Achieving Application Availability

The need for system availability extends across all components of a Windows NT network. But nowhere is the availability of a system more obvious to users or more indicative of the competence of IT managers than at the application level.

The need for system availability extends across all components of a Windows NT network. But nowhere is the availability of a system more obvious to users or more indicative of the competence of IT managers than at the application level.

When applications perform below expected levels or fail altogether, the spotlight glares on NT managers. And as NT sites include more mission-critical applications in their portfolios, the heat rises – especially with applications with unpredictable or high-volume traffic, such as Internet-based programs.

As a result, NT managers are looking more to hardware and software tools to enhance application availability. These tools, ranging from clustering and new storage approaches to management and load balancing products, can be combined to wring the best application performance from an NT system.

"There are a number of proprietary solutions available that will allow you to get close to 100 percent application availability," says John Parkinson, chief technologist for the consulting firm Ernst & Young. But NT managers must take the proper precautions and learn to view system availability as a discipline requiring time and dedication.

At Tyson Foods Inc. (www.tyson.com), an $8 billion producer of chicken products, user demand is driving the manager of systems administration to try a variety of application availability strategies. The company, which uses 160 NT servers primarily as file, printer and e-mail servers, runs 24x7 to support employees on 4,500 networked PCs.

"We use technology for every aspect of our business" and applications must be available, says Jim Bennett, manager of systems administration at Tyson.
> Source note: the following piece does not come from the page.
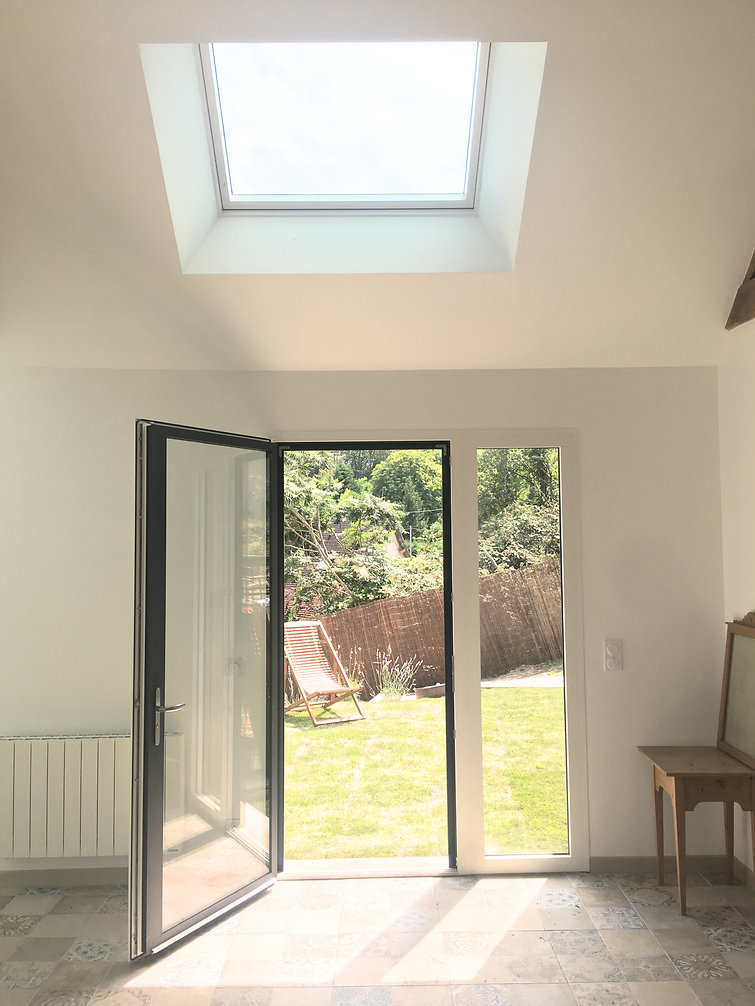 Baie vitrée ouverte sur le jardin — Gîte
To ensure that they are, Tyson uses a performance management tool from Datametrics Systems Corp. (www.datametrics.com), RAID on its storage devices, redundancy on power supplies and clustering.

Hardware Solutions

Hardware solutions marketed for application availability focus on keeping the system up and running, which allows users to access applications. But many of these technologies -- including RAID, solid state storage, clustering and parallel serving -- have twisted traditional reliability features into new products that are appropriate for providing application availability.

For example, RAID technology is a traditional high-availability technology making its way down to the NT server level. Mylex Corp. (www.mylex.com), a RAID controllers vendor, has experienced unexpected high sales of its eXtremeRAID 1100 PCI controller for midrange and high-end servers.

The product uses a 233 MHz Intel RISC processor, a 64-bit PCI bus and proprietary firmware to boost performance from the typical 2,500 I/Os per second to more than 8,000 I/Os per second. By decoupling the disk drive I/O management tasks from the NT operating system, the product helps eliminate bottlenecks between disk drives and the server, explains Eric Herzog, vice president of marketing at Mylex.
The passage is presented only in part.